Many people want to know the lowest cost way of building. Here’s a short comparison of costs to build an earthbag house using ‘free’ options versus buying the building materials:
hand dig soil on site = free versus deliver soil $200
gather materials and make thatch panels = free versus buy thatch panels $100
hand sift soil for plaster = free versus buying it already pulverized and screened $50
(You could itemize all building costs in a spreadsheet and evaluate various scenarios.)

This shows how you can save money if you want, but at what cost? Do you want to dig for two or three weeks to save $200? Possibly. But maybe your time could be spent more efficiently doing something else. In this example, at 14 days of labor, that’s about $1.79/hour for your time digging soil by hand. (8 hours per day x 14 days = 112 total hours divided into $200 = $1.79/hour.) This includes soil to raise the building site and for the earthbags.

The same is true with thatch. For example, we roofed our roundhouse in one day using $100 of pre-made thatch panels. I can’t even guess how long it would take to do it ourselves from scratch.
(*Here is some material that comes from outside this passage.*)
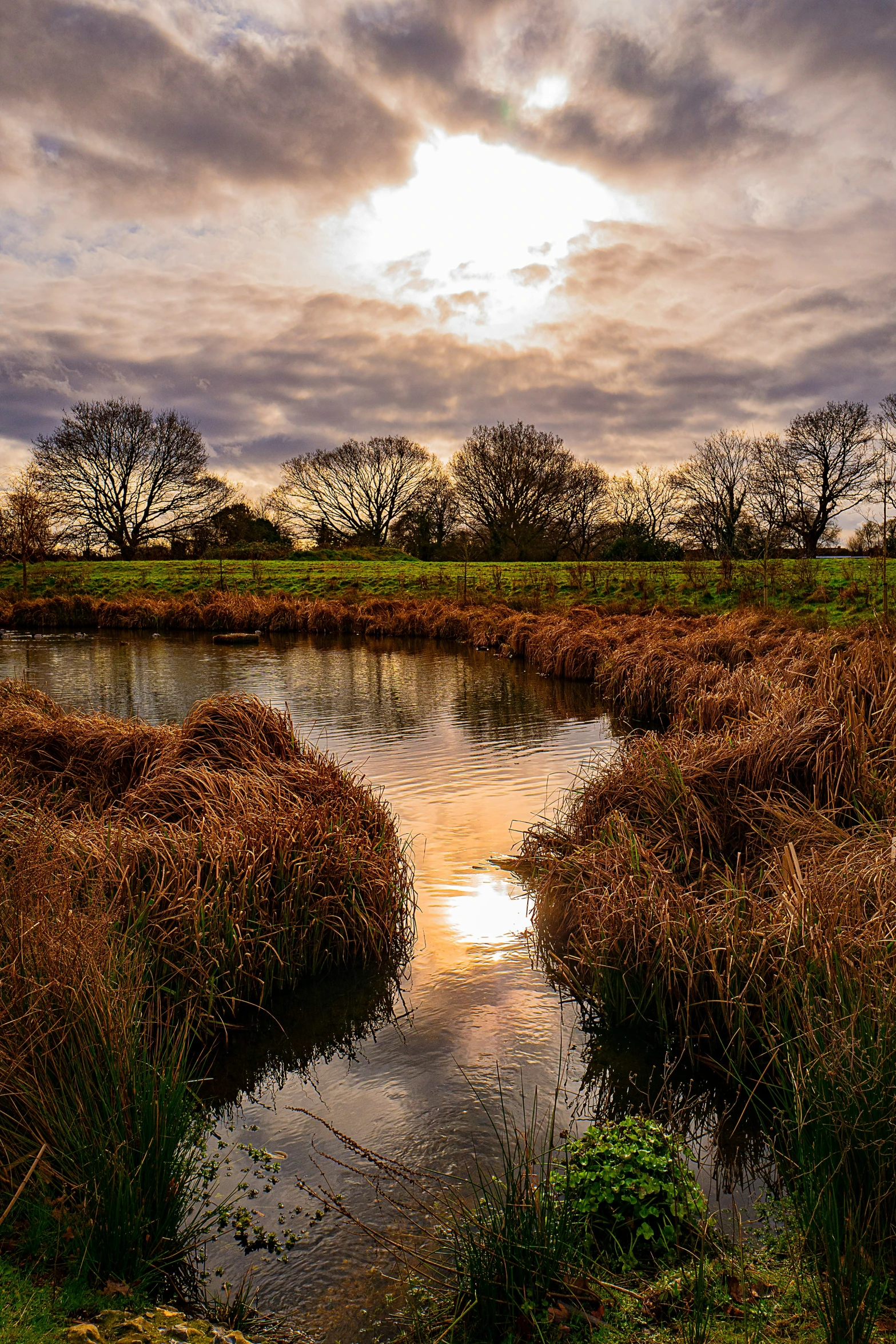 an expanse of land that is reflected in the water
Now, I’m not saying to buy everything. I’m just trying to help people understand the options. For our project, we’ve decided to buy these materials because our time (in the case of buying versus digging soil by hand) is worth more than $1.79/hour. In other words, I can do enjoyable, rewarding work and make more than $1.79/hour. I also enjoy natural building, so I’m not going to contract out all the work. But it may make sense to hire someone to fill and carry buckets. There are lots of options and everyone needs to find the right balance that works for them. You may find it advantageous to spend $2,000 and finish your small earthbag house in one month instead of three, and that the least expensive approach is not necessarily the most efficient or best choice for you.